** WORK TO COMPLETE **
What you should give back is every line from the one containing "Hello everyone, today" through the last line of the records below, word for word and without pictures.

Start of LISTED ENTRIES

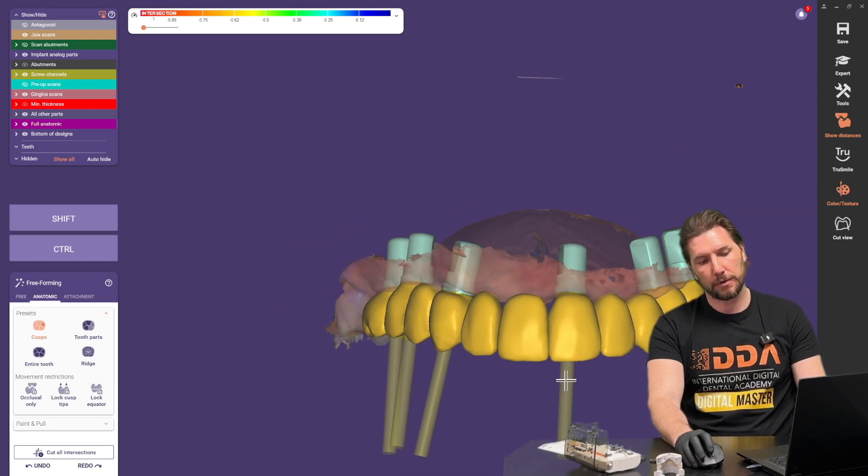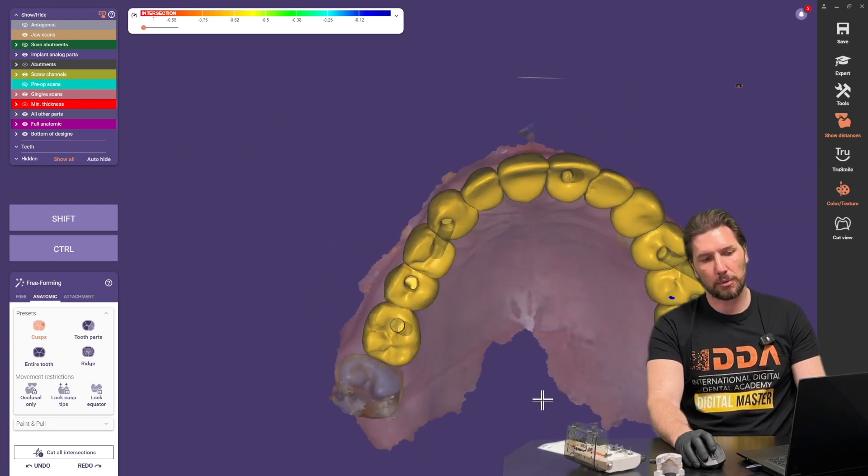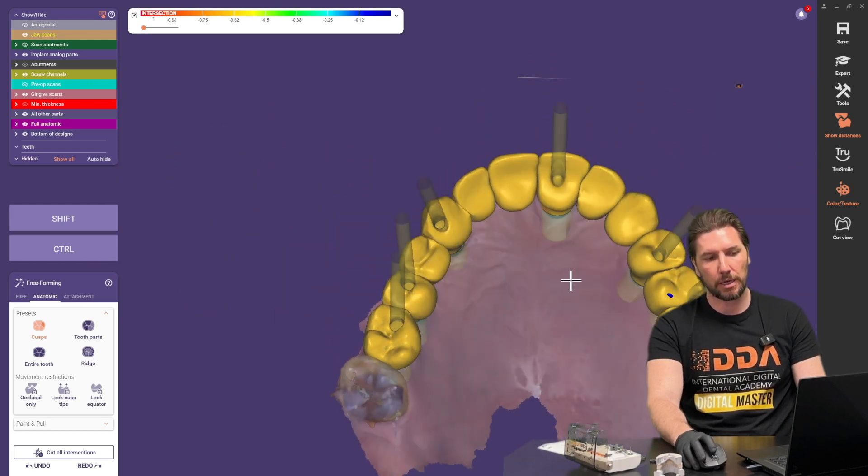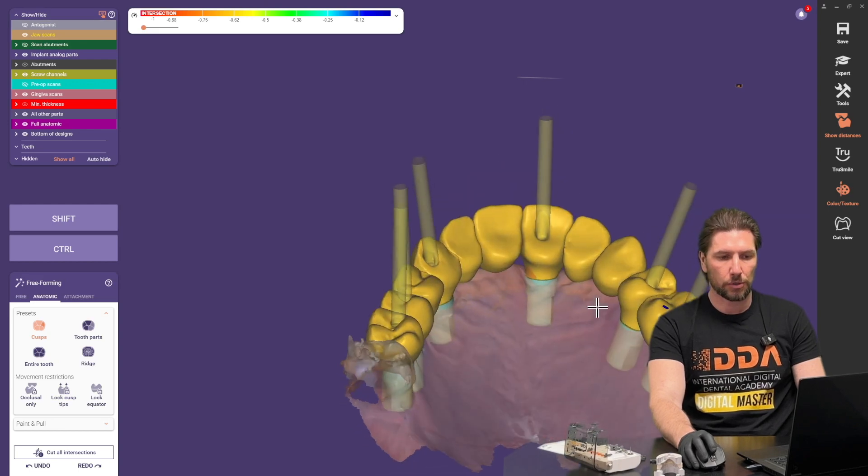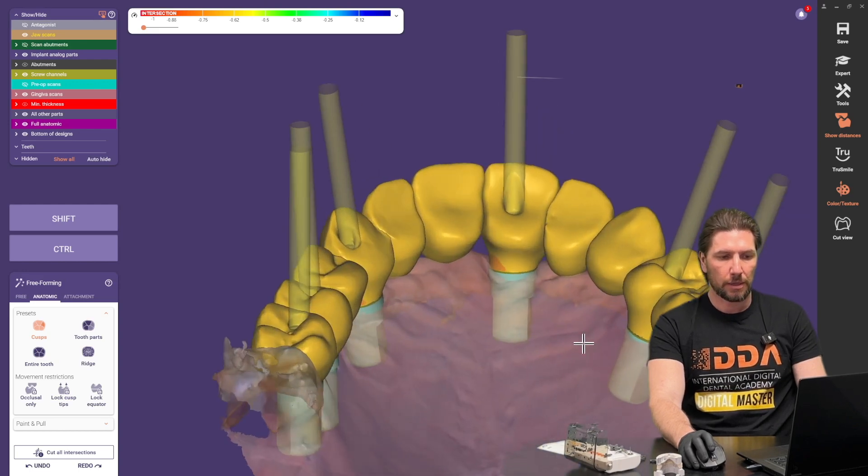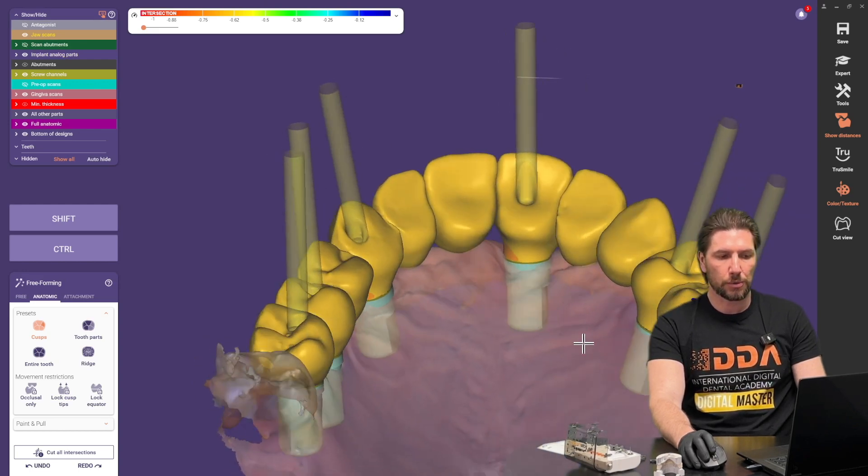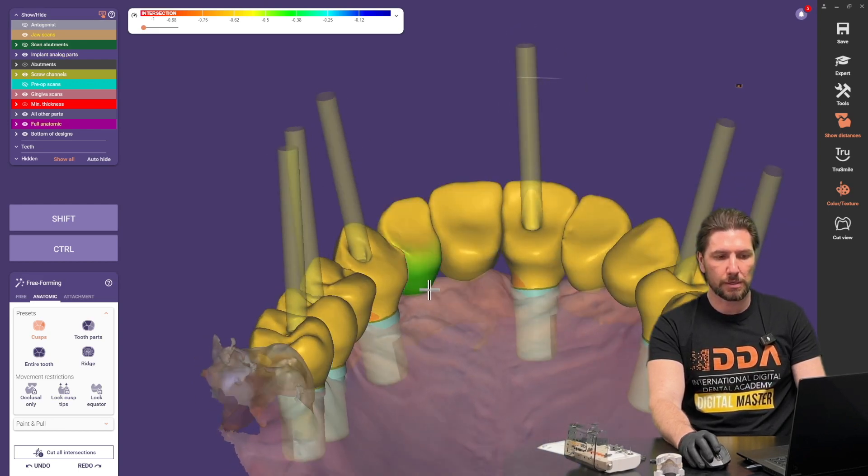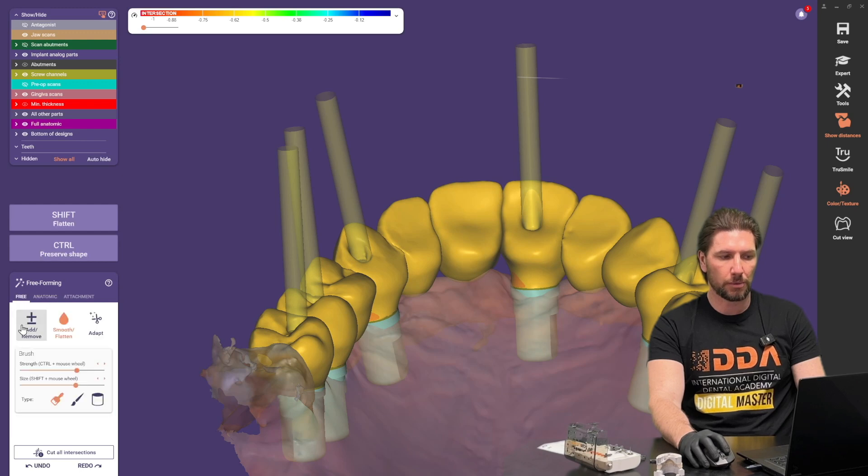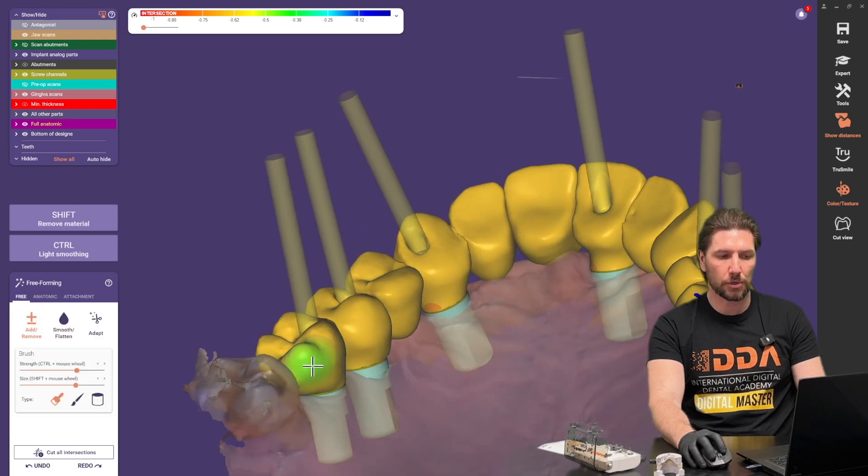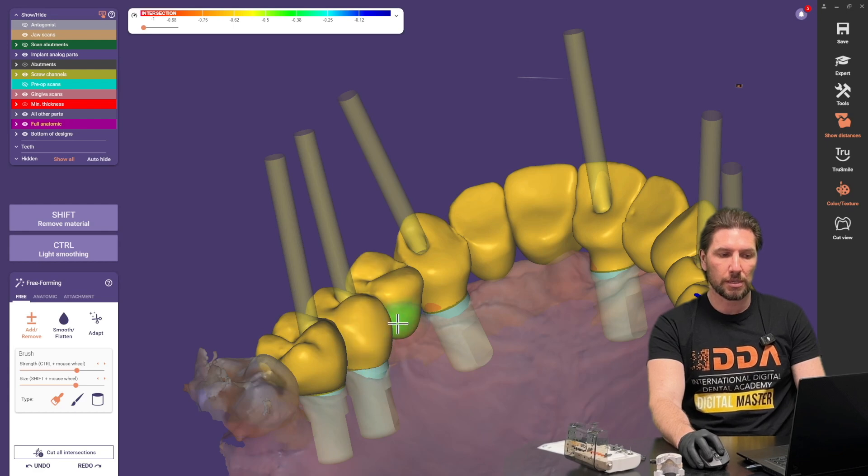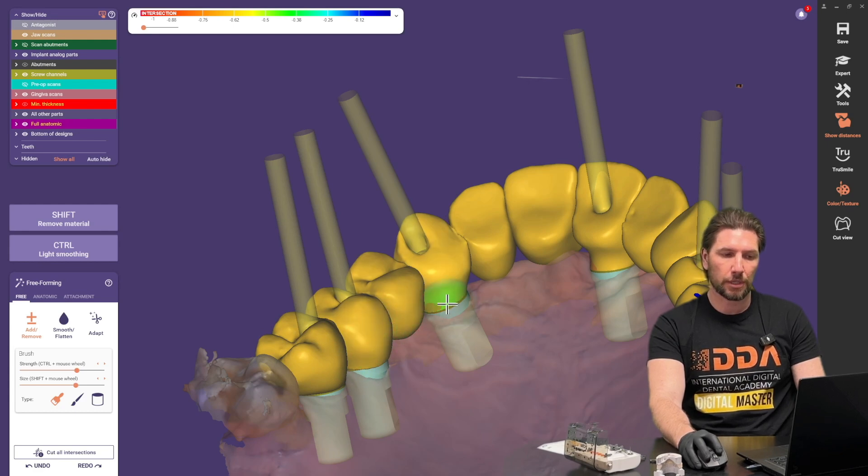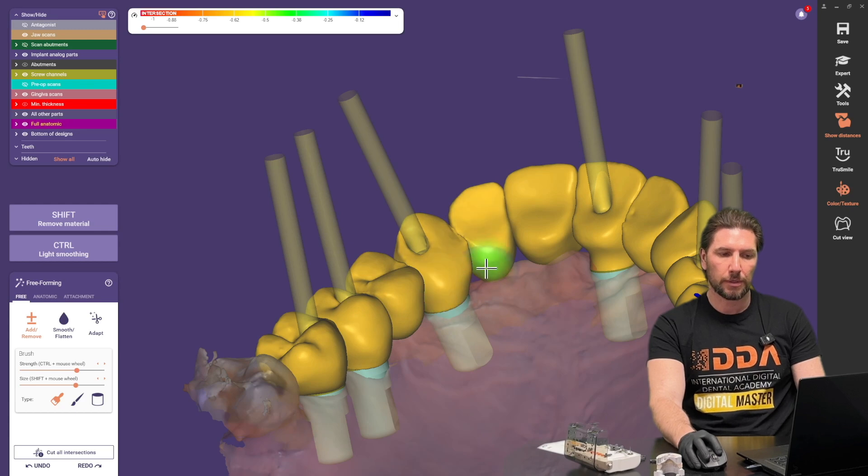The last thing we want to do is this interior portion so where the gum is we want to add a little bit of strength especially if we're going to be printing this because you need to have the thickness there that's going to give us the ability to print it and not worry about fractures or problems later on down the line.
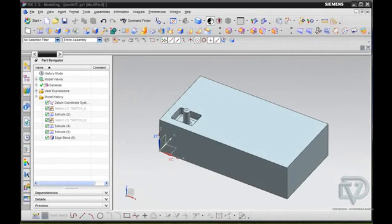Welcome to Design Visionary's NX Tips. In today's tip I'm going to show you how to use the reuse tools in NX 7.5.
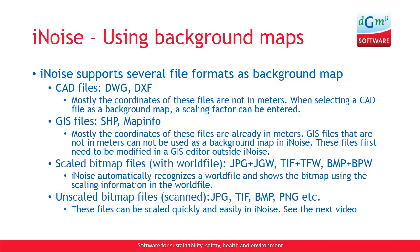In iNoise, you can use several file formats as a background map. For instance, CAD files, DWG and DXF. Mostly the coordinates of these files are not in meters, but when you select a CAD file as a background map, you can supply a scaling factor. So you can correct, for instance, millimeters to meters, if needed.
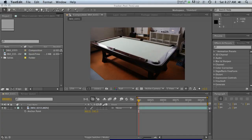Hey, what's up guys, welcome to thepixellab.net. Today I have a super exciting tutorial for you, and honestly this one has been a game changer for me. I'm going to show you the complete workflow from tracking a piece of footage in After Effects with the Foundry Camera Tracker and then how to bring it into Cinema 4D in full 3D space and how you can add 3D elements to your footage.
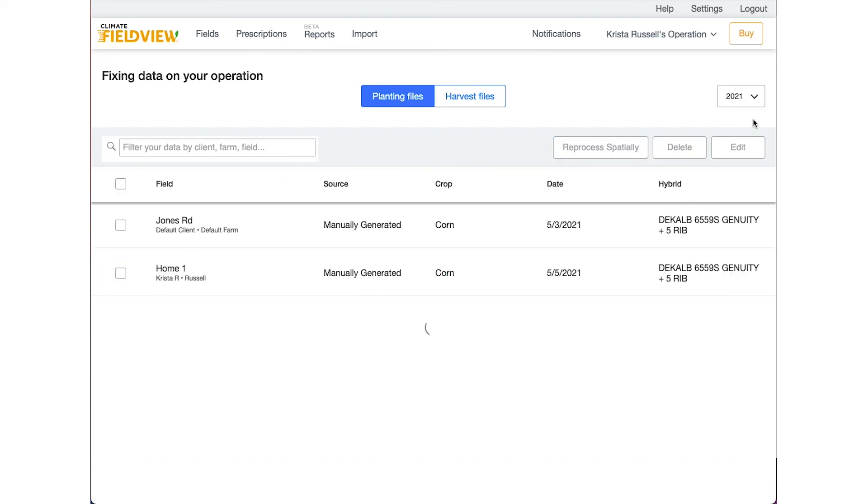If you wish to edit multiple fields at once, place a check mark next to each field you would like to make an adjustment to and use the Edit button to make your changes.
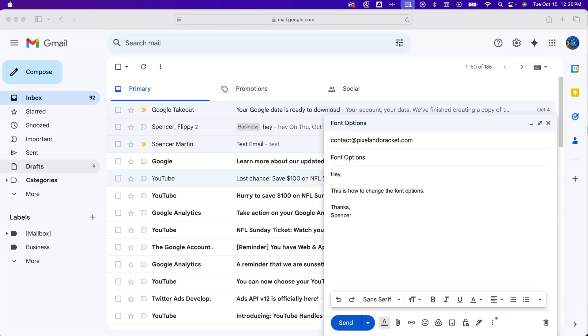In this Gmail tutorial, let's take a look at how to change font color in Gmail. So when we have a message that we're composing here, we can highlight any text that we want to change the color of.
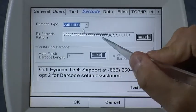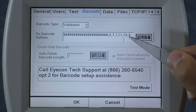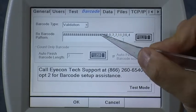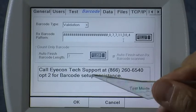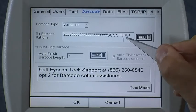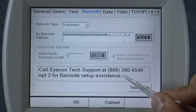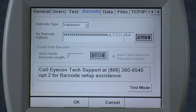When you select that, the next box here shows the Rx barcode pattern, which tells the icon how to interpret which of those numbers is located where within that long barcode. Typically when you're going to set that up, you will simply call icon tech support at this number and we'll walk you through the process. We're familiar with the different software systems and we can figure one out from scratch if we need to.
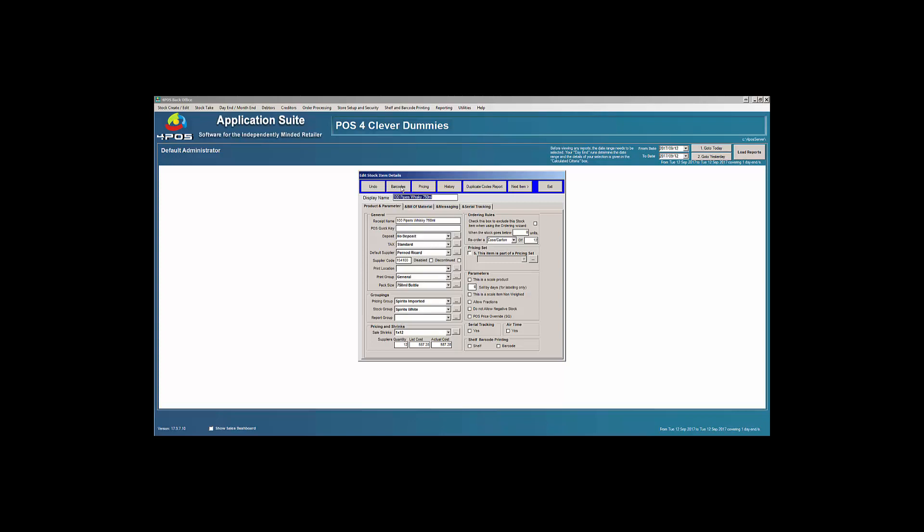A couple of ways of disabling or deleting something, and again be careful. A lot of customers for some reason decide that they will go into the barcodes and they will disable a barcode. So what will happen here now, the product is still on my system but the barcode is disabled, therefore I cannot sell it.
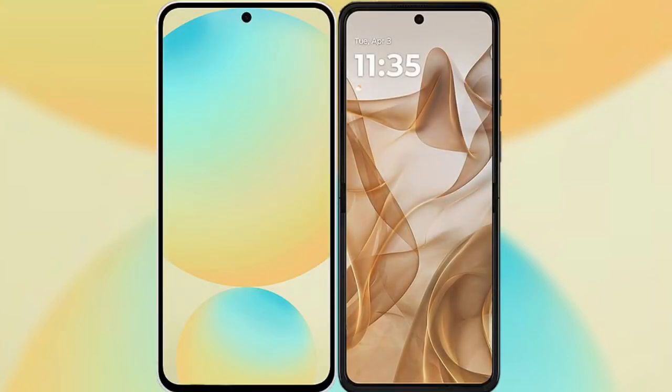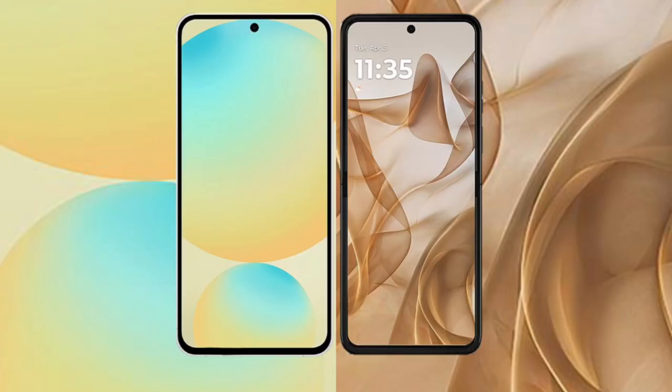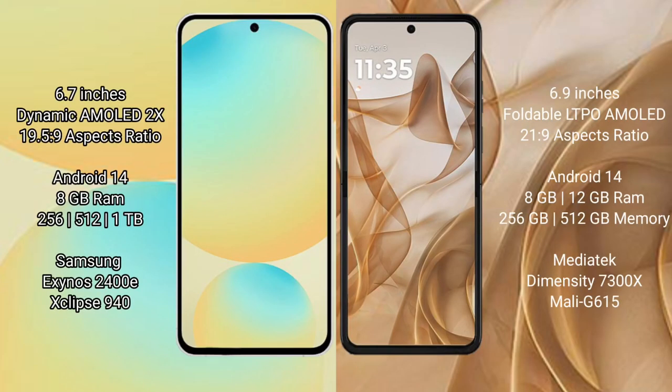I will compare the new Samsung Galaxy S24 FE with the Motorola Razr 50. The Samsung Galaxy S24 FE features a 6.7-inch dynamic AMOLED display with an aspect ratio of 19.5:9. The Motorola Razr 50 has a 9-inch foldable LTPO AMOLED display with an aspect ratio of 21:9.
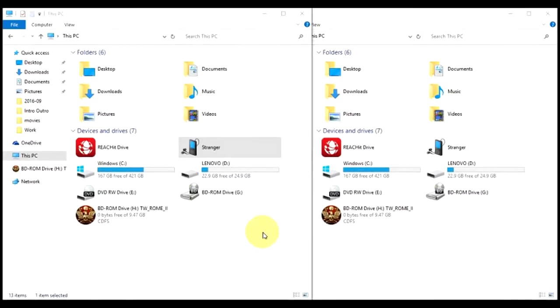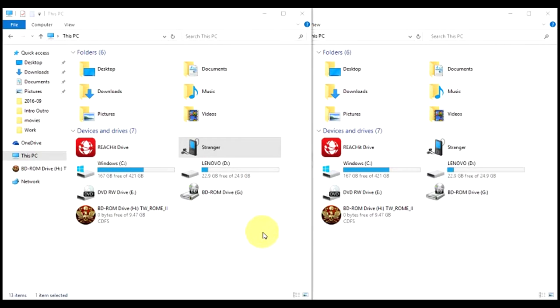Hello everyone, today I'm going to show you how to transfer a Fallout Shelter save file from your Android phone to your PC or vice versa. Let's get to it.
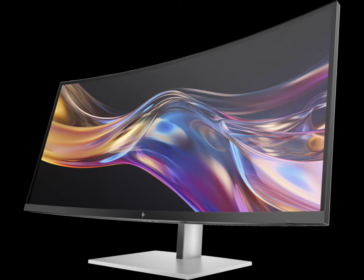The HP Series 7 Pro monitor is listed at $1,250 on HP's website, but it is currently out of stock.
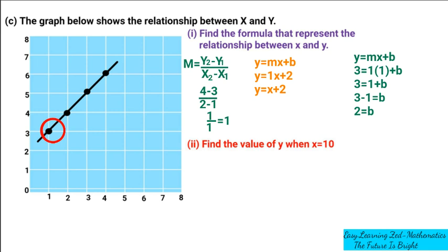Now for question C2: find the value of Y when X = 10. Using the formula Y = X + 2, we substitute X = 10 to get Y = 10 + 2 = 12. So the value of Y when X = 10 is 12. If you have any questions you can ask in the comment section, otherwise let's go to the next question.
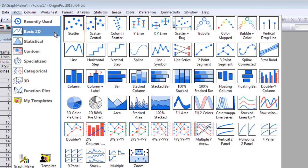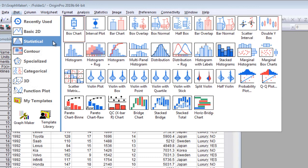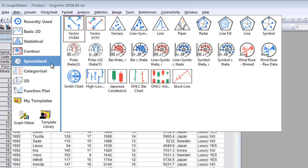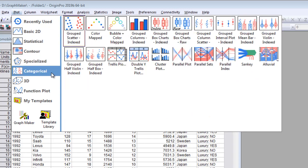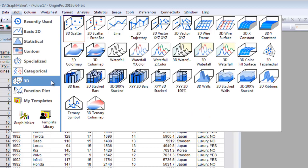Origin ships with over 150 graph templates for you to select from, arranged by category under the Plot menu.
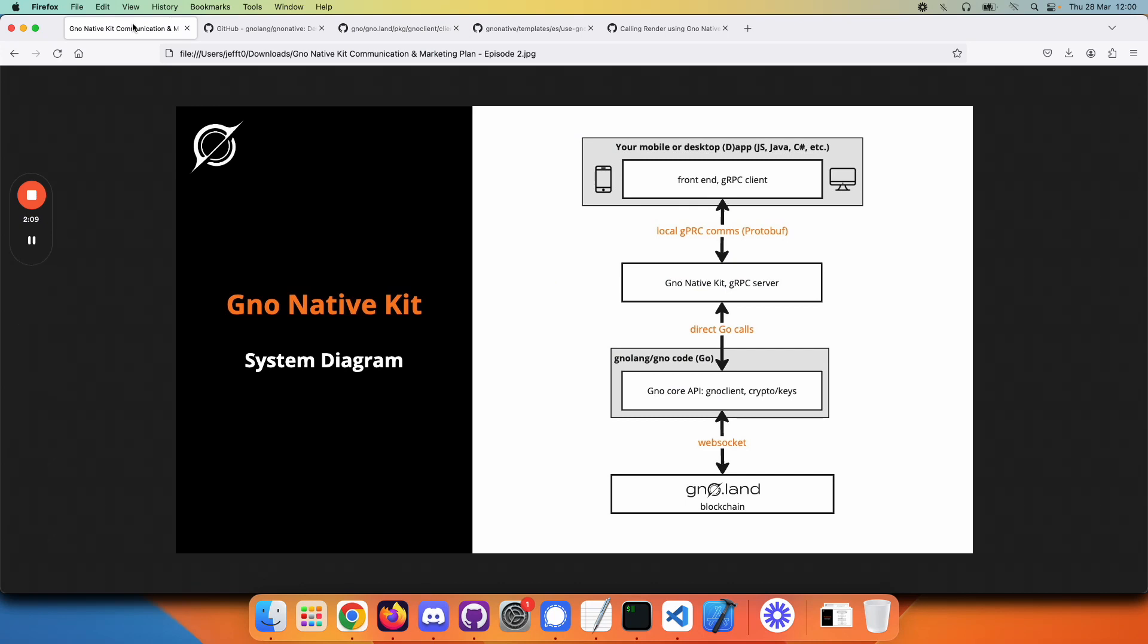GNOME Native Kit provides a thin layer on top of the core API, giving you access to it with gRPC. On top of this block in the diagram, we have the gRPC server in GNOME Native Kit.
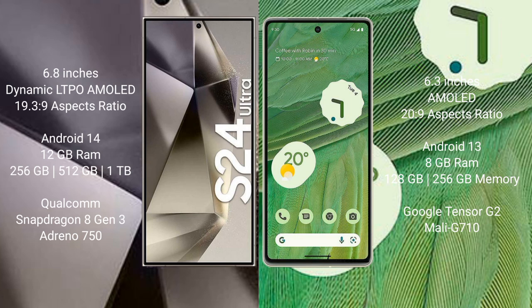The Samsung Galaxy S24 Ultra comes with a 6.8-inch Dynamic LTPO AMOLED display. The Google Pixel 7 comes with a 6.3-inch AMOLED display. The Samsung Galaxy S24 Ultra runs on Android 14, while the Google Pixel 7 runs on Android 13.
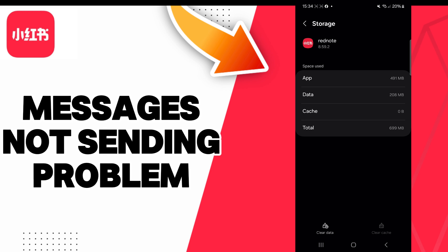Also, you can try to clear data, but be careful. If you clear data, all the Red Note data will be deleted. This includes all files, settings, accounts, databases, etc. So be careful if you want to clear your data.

End of LISTED ENTRIES

** ANSWER FOR THE TASK **
Hello everyone, today I'm going to show you how to transfer a Fallout Shelter save file from your Android phone to your PC or vice versa. Let's get to it.
The HP Series 7 Pro monitor is listed at $1,250 on HP's website, but it is currently out of stock.
Now for question C2: find the value of Y when X = 10. Using the formula Y = X + 2, we substitute X = 10 to get Y = 10 + 2 = 12. So the value of Y when X = 10 is 12. If you have any questions you can ask in the comment section, otherwise let's go to the next question.
Origin ships with over 150 graph templates for you to select from, arranged by category under the Plot menu.
GNOME Native Kit provides a thin layer on top of the core API, giving you access to it with gRPC. On top of this block in the diagram, we have the gRPC server in GNOME Native Kit.
The Samsung Galaxy S24 Ultra comes with a 6.8-inch Dynamic LTPO AMOLED display. The Google Pixel 7 comes with a 6.3-inch AMOLED display. The Samsung Galaxy S24 Ultra runs on Android 14, while the Google Pixel 7 runs on Android 13.
Also, you can try to clear data, but be careful. If you clear data, all the Red Note data will be deleted. This includes all files, settings, accounts, databases, etc. So be careful if you want to clear your data.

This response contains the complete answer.